I’m too lazy to look it up now but fairly sure it is in the early 802.3 standards. From memory the purpose was to limit the time taken up by a single frame when ethernet was a shared medium (CSMA/CD)
4 bytes per MPLS shim isn’t it?
~50 bytes for VXLAN.
9100 gives you 14 MPLS labels, what if you decide to do SRv6, I know of companies then they run into the exact problem I described.
Glad you found it useful! You’re welcome 
Don’t forget alot of customers may want to build tunnels for various reasons as well. Even with private carrier mpls, it’s not a bad idea to encrypt your traffic since you don’t control the carriers equipment. Not to mention sdwan where customers still want/need the higher sla of mpls/metro e for certain traffic.

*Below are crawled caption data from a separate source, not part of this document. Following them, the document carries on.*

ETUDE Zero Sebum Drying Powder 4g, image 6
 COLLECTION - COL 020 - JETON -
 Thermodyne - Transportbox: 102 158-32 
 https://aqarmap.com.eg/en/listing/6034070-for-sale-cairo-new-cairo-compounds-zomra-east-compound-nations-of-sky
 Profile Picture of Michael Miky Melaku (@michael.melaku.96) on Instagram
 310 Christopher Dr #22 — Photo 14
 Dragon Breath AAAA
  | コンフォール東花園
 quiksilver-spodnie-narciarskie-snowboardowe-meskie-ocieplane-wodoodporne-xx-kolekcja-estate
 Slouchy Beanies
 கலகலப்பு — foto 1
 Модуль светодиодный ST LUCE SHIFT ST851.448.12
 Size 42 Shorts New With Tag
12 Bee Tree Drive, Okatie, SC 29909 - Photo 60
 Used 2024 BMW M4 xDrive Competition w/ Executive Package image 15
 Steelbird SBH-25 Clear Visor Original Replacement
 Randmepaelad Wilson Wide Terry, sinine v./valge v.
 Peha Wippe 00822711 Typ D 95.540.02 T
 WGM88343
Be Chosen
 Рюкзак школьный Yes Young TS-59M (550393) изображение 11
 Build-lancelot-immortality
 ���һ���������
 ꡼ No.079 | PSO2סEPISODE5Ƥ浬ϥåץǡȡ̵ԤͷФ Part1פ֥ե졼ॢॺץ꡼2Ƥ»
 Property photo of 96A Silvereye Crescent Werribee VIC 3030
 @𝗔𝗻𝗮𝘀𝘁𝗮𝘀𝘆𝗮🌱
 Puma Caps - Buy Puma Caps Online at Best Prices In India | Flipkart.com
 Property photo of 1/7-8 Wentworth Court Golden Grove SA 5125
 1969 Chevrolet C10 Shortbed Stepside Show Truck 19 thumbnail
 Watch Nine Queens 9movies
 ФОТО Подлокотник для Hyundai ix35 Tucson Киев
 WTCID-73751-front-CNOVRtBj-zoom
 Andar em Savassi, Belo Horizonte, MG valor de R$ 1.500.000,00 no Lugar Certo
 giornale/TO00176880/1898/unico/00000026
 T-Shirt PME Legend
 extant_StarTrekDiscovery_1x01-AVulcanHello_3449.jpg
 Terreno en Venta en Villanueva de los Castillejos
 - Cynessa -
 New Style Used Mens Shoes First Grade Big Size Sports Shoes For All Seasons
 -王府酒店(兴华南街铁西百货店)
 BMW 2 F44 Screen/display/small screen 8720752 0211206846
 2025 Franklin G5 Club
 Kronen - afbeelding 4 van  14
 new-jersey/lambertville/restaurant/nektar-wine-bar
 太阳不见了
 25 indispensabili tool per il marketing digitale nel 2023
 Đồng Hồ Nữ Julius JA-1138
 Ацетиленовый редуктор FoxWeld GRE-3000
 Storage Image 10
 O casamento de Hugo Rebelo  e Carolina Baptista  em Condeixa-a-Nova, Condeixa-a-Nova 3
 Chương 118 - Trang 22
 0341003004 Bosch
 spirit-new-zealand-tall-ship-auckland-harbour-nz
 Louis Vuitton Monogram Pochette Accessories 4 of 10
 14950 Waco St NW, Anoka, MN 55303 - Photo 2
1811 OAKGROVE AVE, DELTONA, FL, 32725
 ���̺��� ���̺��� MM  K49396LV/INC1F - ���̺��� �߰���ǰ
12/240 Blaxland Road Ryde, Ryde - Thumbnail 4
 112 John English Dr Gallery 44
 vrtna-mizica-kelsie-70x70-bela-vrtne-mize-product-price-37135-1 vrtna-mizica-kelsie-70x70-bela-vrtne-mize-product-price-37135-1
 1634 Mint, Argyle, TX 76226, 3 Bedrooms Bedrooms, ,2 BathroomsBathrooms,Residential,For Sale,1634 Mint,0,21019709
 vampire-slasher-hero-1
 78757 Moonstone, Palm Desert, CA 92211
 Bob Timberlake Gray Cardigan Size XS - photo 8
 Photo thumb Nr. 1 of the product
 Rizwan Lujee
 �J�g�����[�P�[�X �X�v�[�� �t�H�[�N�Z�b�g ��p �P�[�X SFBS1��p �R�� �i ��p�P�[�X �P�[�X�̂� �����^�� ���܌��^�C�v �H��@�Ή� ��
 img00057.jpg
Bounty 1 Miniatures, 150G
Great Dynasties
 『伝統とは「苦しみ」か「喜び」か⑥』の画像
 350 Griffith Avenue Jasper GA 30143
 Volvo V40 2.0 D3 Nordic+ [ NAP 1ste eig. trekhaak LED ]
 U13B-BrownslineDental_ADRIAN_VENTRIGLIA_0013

We’re using Flex Algo for TE to minimize the label stack. Not a fan of SRv6 and would never deploy it. We’d prefer SR-MPLS IPv6 when vendors start supporting VPNv4 over IPv6. Maybe SRm6 but on a Cisco core right now and their focus is SRv6.
yeah i agree SRv6 isn’t that appealing to a lot of SP, it just adds complexity, and let’s be honest a lot of NE working at even tier-1s are idiots.
I’m pissed at the lack of support of VPNv4 over IPv6. I could have had a native IPv6 core for several years now with existing hardware. Aside from complexity, SRv6 would require all new hardware to do TE.
Most of the job can be done following templates and SOPs, so you don’t necessarily need high competency in most roles. It becomes problematic when the Architect and Sr Engineers lack competence.